:: ABOUT THIS TASK ::
Beneath this line sits some data. Return only its lines from the one holding "AMD EPYC 7351P" through the one holding "Analyzing Kaspa’s Recent", inclusive, exactly, with the images removed.

:: Pictures with short captions ::
------

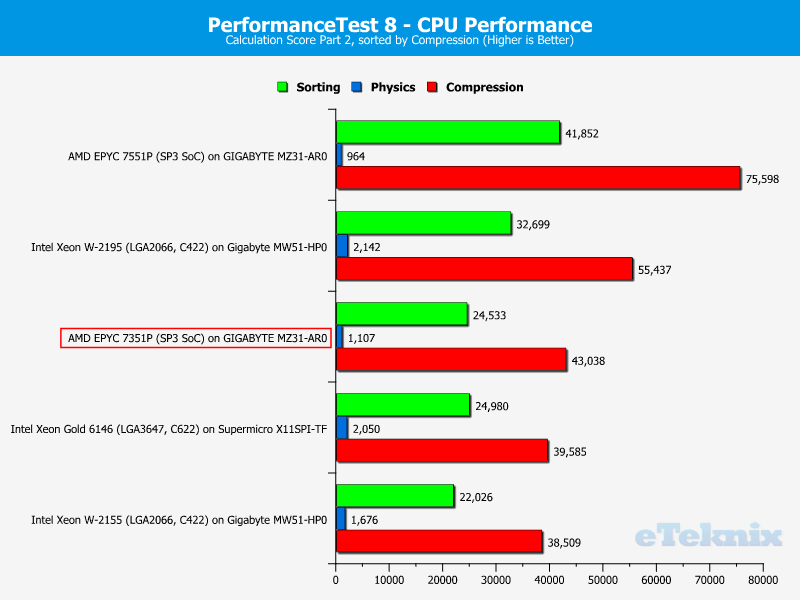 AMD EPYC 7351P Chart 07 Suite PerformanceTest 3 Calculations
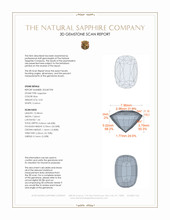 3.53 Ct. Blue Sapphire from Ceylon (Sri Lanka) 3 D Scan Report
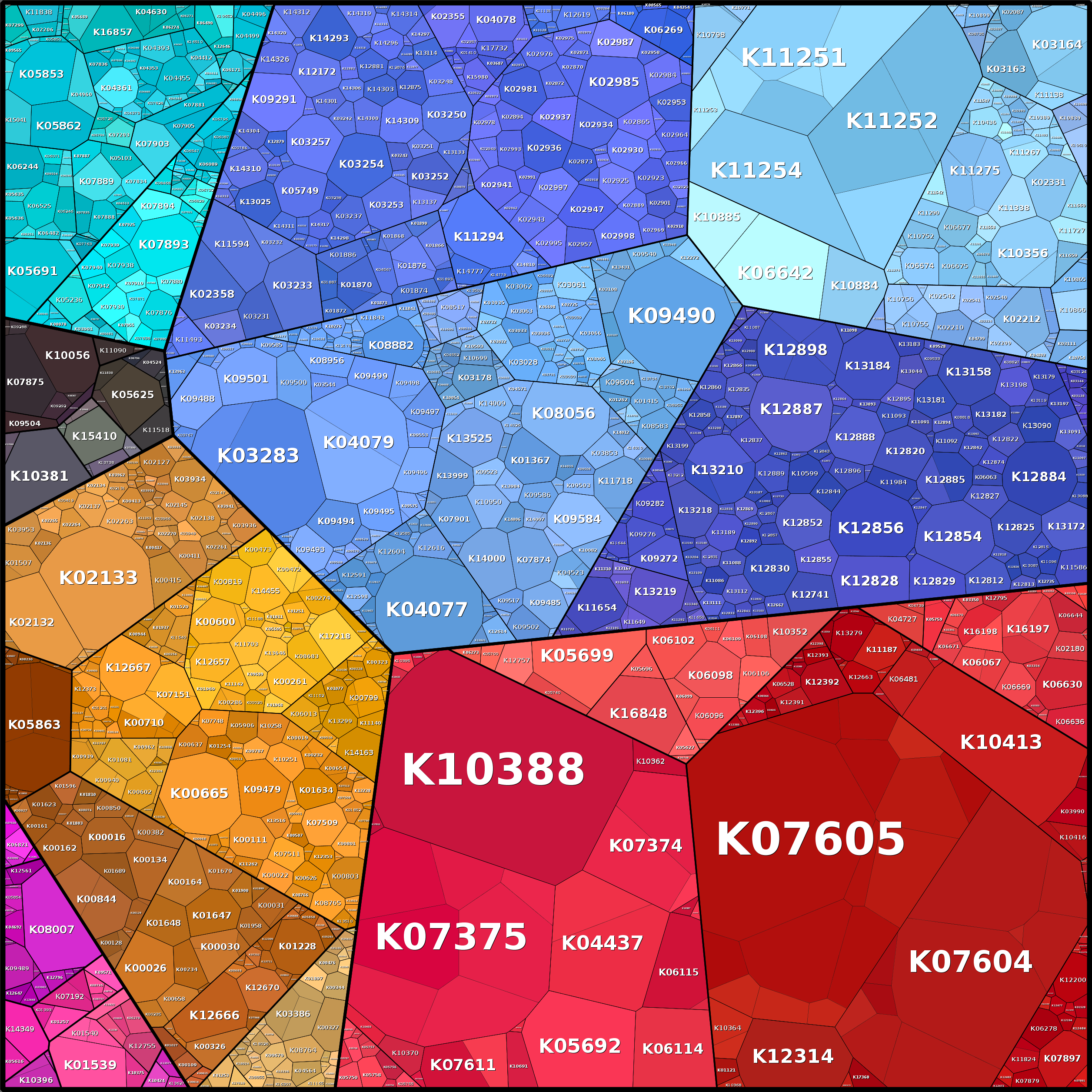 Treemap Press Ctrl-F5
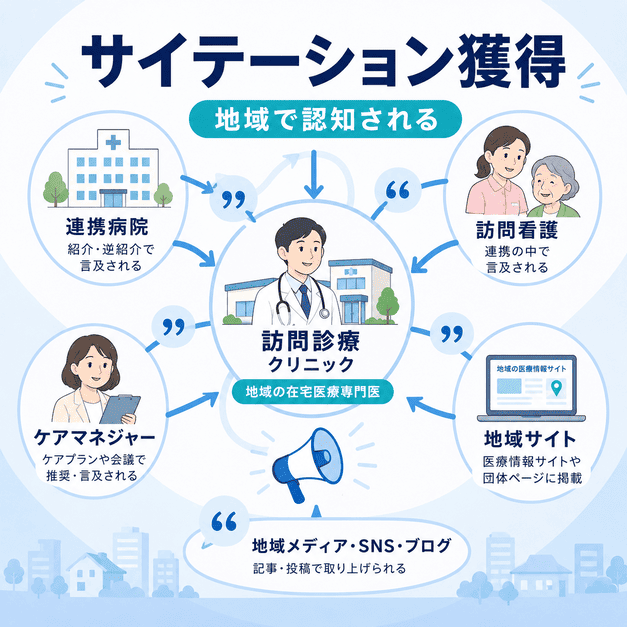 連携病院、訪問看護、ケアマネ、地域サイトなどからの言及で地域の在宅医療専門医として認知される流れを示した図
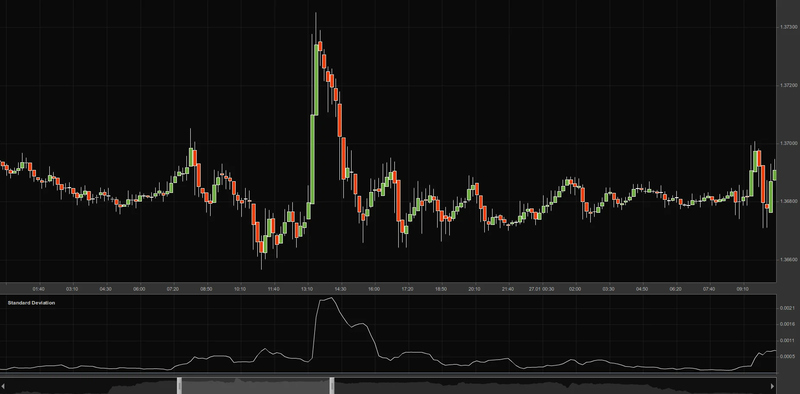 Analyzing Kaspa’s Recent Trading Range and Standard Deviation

------

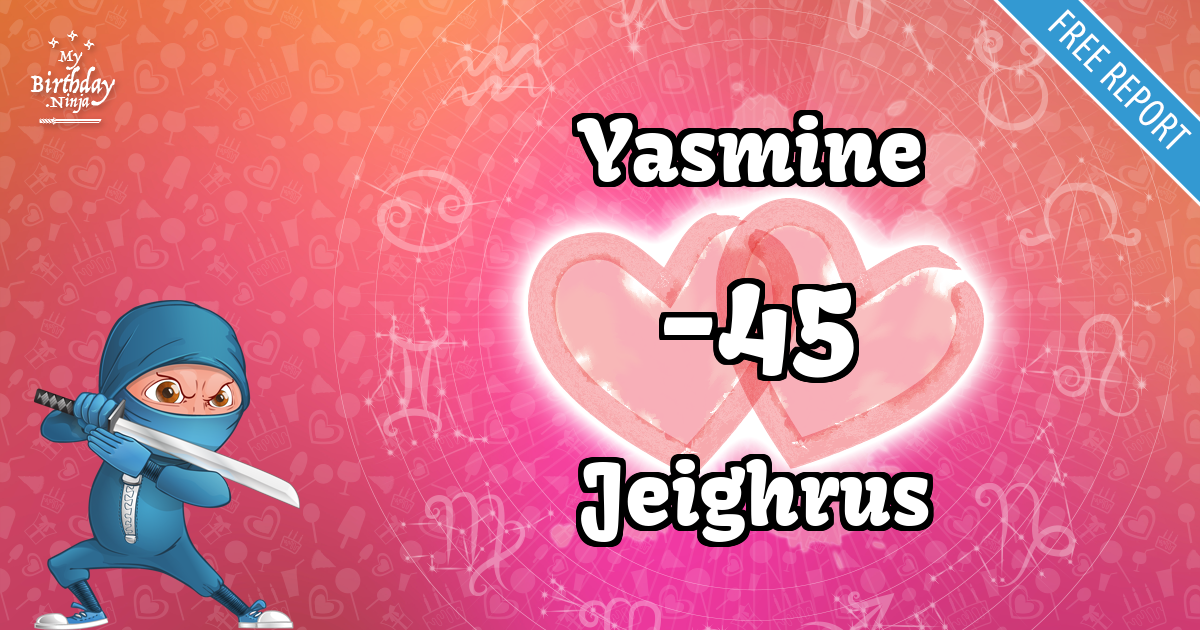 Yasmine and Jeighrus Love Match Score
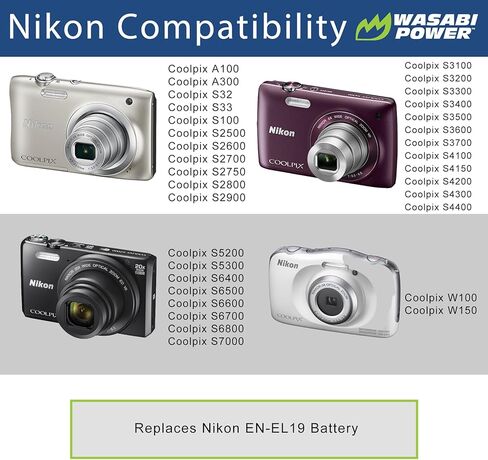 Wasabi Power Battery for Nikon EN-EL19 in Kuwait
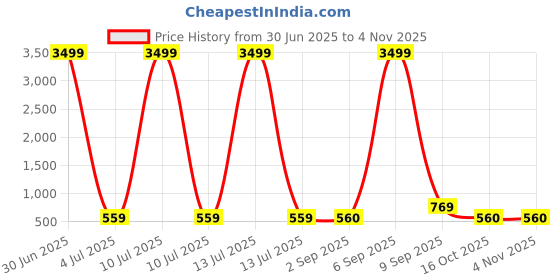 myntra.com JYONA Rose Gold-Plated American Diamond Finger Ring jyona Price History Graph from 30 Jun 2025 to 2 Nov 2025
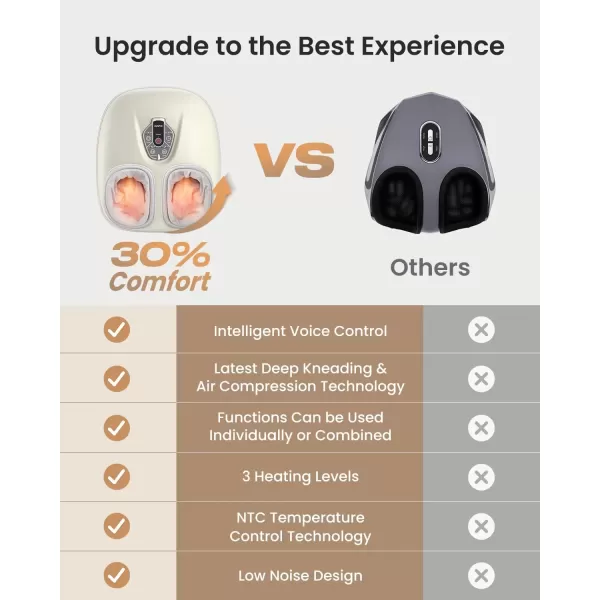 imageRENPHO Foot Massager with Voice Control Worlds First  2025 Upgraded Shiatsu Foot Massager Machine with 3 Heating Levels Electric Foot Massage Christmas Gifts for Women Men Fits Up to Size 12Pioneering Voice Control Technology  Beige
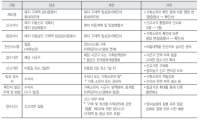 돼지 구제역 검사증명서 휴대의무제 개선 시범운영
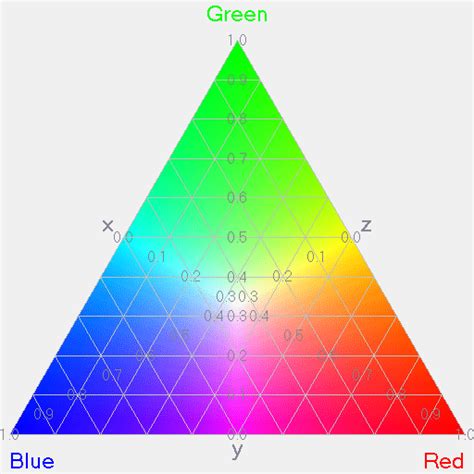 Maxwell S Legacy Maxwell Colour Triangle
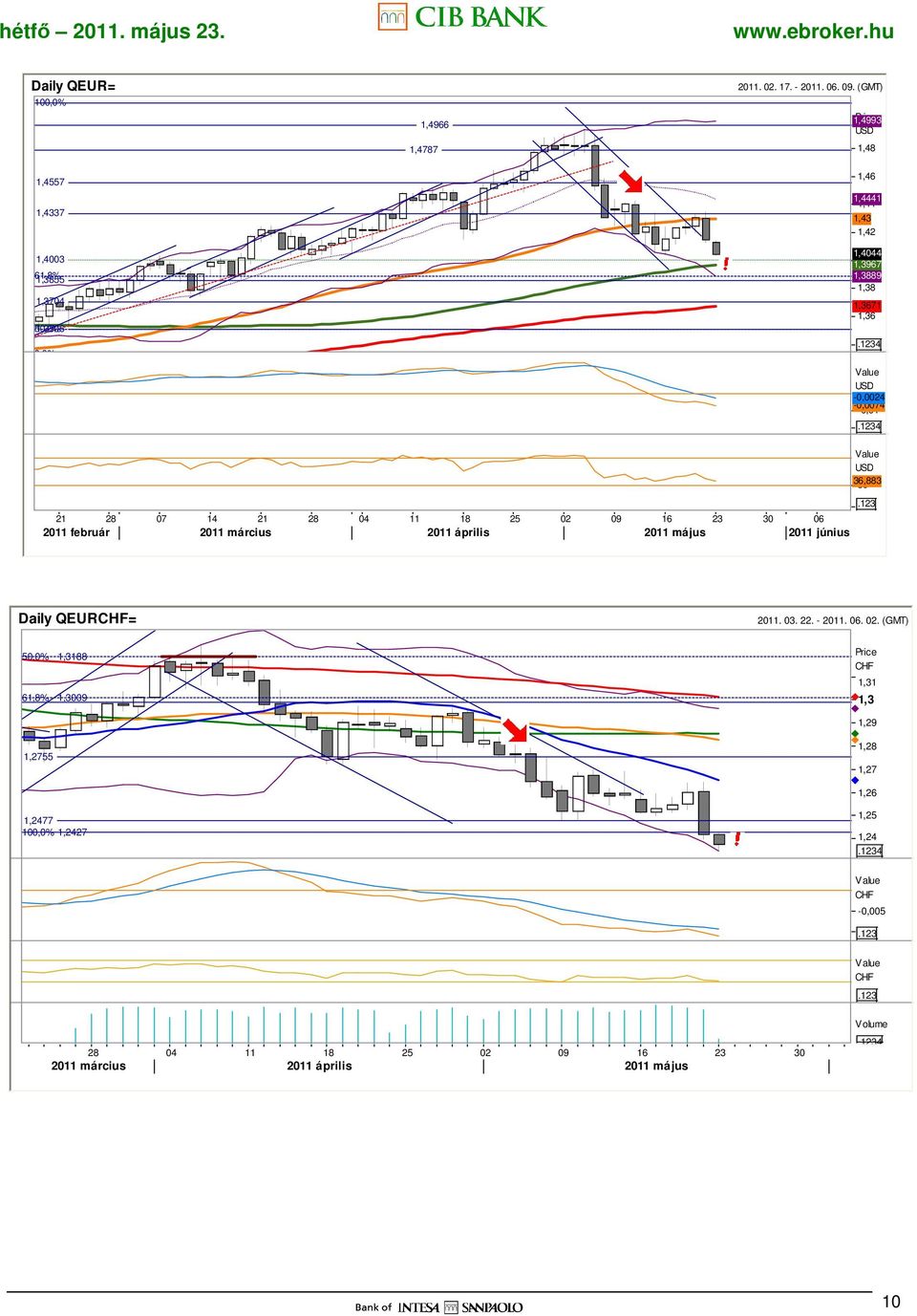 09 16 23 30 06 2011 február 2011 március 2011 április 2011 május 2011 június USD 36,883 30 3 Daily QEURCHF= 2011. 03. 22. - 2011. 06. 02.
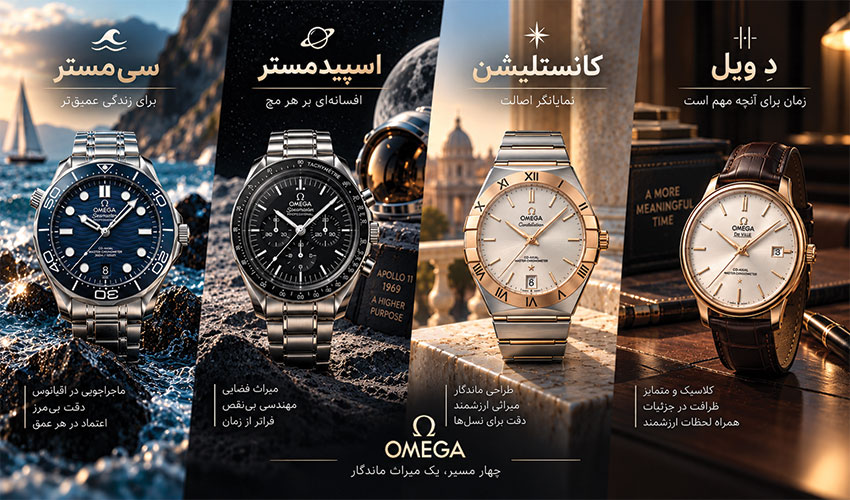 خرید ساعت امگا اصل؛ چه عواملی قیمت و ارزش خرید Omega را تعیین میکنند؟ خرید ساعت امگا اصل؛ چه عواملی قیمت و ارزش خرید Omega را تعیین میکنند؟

------

:: EXERCISE RESULT ::
 AMD EPYC 7351P Chart 07 Suite PerformanceTest 3 Calculations
 3.53 Ct. Blue Sapphire from Ceylon (Sri Lanka) 3 D Scan Report
 Treemap Press Ctrl-F5
 連携病院、訪問看護、ケアマネ、地域サイトなどからの言及で地域の在宅医療専門医として認知される流れを示した図
 Analyzing Kaspa’s Recent Trading Range and Standard Deviation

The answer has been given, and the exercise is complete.